When you say your deck is bolted on, what do mean? There should be a brown colored rock shaft that gets bolted on and there may be two green arms that are bolted to the deck but these two parts should connect with spring clips. Another deck had short flat arms connecting the deck to the rockshaft and also used clips.
There are two manuals on these pages for the 42" decks that may help and give you a part # for the clip for the pto.


----------



## jakesadie (Aug 13, 2004)

thanks sixchows
I just meant the four mounts that attach the deck to the tractor I figured they usually have pins, but when I got the tractor I grabbed the deck that was sitting beside it, wrong one, I found the right one in another part of the barn but it was missing the pins & the coupler, so I got some bolts of the same size diameter as the holes and double nutted them. Figured that would work until I got the right parts. I need to check more of these manuals. thanks 
troy


----------



## guest2 (Dec 27, 2003)

Troy
That should work OK. The early ones used a nut/bolt on the pto before the spring clip.

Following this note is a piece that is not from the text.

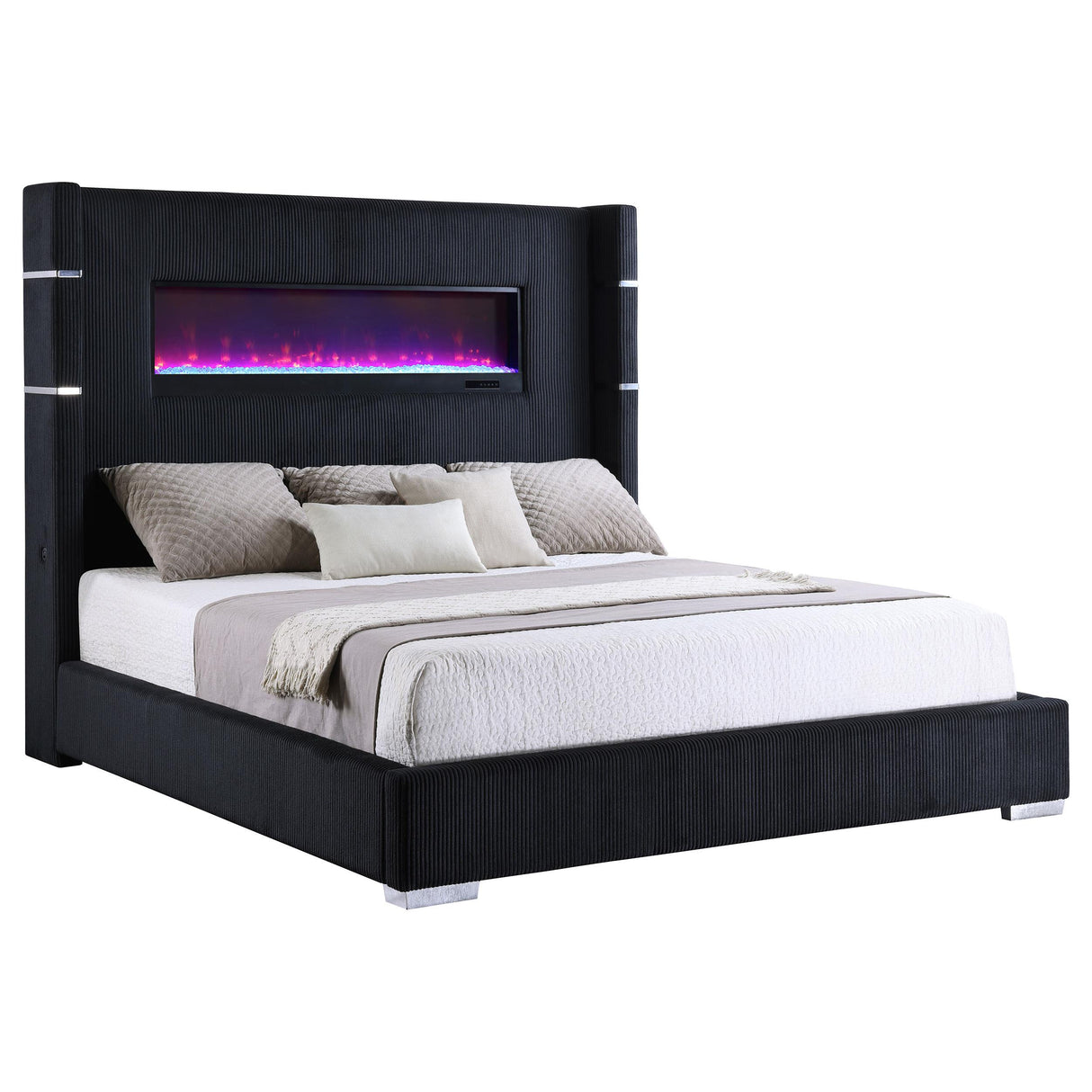Tisdall Black 67-inch Upholstered Queen Fireplace Bed from Coaster - Luna Furniture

The bolts you used on the deck are doing the same thing as the pins but taking a little more time to mount/unmount.


----------



## StevePCanada (May 7, 2013)

Hello, Is anyone able to post some pics of exactly how the mounting links are positioned to attach the mower deck. I'm on a late 60's 1050, with the light green three blade mower deck. the problem is I'm doing something wrong when attaching the deck, the full weight of the tractor sits on the deck and the manual height lever does not lift the deck off the ground. I think I need to put the front left and right mountink links with the "pin" in, so that they sit on the triangular flange. That way, the height adjustment lifts and lowers the front of the deck. Is that right??


----------